The data is obtained entirely from the operating system, specifically from /proc/meminfo and the /proc/<pid>/smaps files, which are files provided by the Linux kernel specifically for measuring memory consumption.

I wish that the mem entry at the top was the amount of physical memory available. Unfortunately there is no way to get that on a Linux system, and so it’s instead the MemTotal value from /proc/meminfo, which is “Total usable RAM (i.e. physical RAM minus a few reserved bits and the kernel binary code)”.  And if you’re wondering about the exact meaning of the other entries, as usual if you hover the cursor over an entry in about:memory you’ll get a tool-tip explaining what it means.

The measurements given for each process are the PSS (proportional set size) measurements.  These attribute any shared memory equally among all processes that share it, and so PSS is the only measurement that can be sensibly summed across processes (unlike “Size” or “RSS”, for example).

For each process there is a wealth of detail about static code and data.  (The above example only shows a tiny fraction of it, because a number of the sub-trees are collapsed.  If you were viewing it in about:memory, you could expand and collapse sub-trees to your heart’s content.)  Unfortunately, there is little information about anonymous mappings, which constitute much of the non-static memory consumption.  I have some patches that will add an extra level of detail there, distinguishing major regions such as the jemalloc heap, the JS GC heap, and JS JIT code.  For more detail than that, the existing per-process memory reports in about:memory can be consulted.  Unfortunately the new system-wide reporter cannot be sensibly combined with the existing per-process memory reporters because the latter are unaware of implicit sharing between processes.  (And note that the amount of implicit sharing is increased significantly by the new Nuwa process.)

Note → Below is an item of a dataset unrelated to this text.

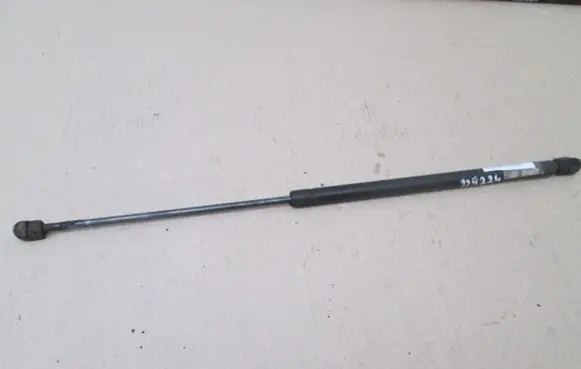 Volvo S40, V40 Shock absorber/damper mounting bracket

Because this works with our existing memory reporting infrastructure, anyone already using the script with Firefox OS will automatically get these reports along with all the usual ones once they update their source code, and the system-wide reports can be loaded and viewed in about:memory as usual. On Firefox and Firefox for Android, you’ll need to set the memory.system_memory_reporter flag in about:config to enable it.

My hope is that this reporter will supplant most or all of the existing tools that are commonly used to understand system-wide memory consumption on Firefox OS devices, such as ps, top and procrank.  And there will certainly be other interesting, available OS-level measurements that are not currently obtained. For example, Jed Davis has plans to measure the pmem subsystem.  Please file a bug or email me if you have other suggestions for adding such measurements.

DMD now works on Windows

DMD is our tool for improving Firefox’s memory reporting.  It helps identify where new memory reporters need to be added in order to reduce the “heap-unclassified” value in about:memory.

DMD has always worked well on Linux, and moderately well on Mac (it is crashy for some people).  And it works on Android and B2G.  But it has never worked on Windows.

So I’m happy to report that DMD now does work on Windows, thanks to the excellent efforts of Catalin Iacob.  If you’re on Windows and you’ve been seeing high “heap-unclassified” values, and you’re able to build Firefox yourself, please give DMD a try.

MemShrink progress, final

I was due to write a MemShrink progress report today, but I’ve decided that after almost 2.5 years, my reserves of enthusiasm for these regular reports has been exhausted.  Sorry!

I do still plan to write posts when significant fixes relating to memory consumption are made.  (For example, when generational GC lands, you’ll hear about it here.)  I will also continue to periodically update the MemShrink “big ticket items” list.  And MemShrink meetings will continue, so MemShrink-tagged bugs will still be triaged.  And for those of you who read the weekly Platform meeting notes, I will continue to write MemShrink updates there.  So don’t despair — good things will continue to happen, but they’ll just be marginally less visible.

Libraries should permit custom allocators

Some C and C++ libraries permit the use of custom allocators, which are registered through some kind of external API.  For example, the following libraries used by Firefox provide this facility.

  • FreeType provides this via the FT_MemoryRec_ argument of the FT_New_Library() function.
  • ICU provides this via the u_setMemoryFunctions() function.
  • SQLite provides this via the sqlite3_config() function.

This gives the users of these libraries additional flexibility that can be very helpful.  For example, in Firefox we provide custom allocators that measure the size of all the live allocations done by the library;  these measurements are shown in about:memory.

In contrast, libraries that don’t allow custom allocator are very hard to account for in about:memory.  Such libraries are major contributors to the dreaded “heap-unclassified” value in about:memory.  These include Cairo and the WebRTC libraries.

Now, supporting custom allocators in a library takes some effort.  You have to be careful to always allocate in a fashion that will use the custom allocators if they have been registered.  Direct calls to vanilla allocation/free functions like malloc(), realloc(), and free() must be avoided.  For example, SpiderMonkey allows custom allocators (although Firefox doesn’t need to use that functionality), and I just fixed a handful of cases where it was accidentally using vanilla allocation/free functions.

But, it’s a very useful facility to provide, and I encourage all library writers to consider it.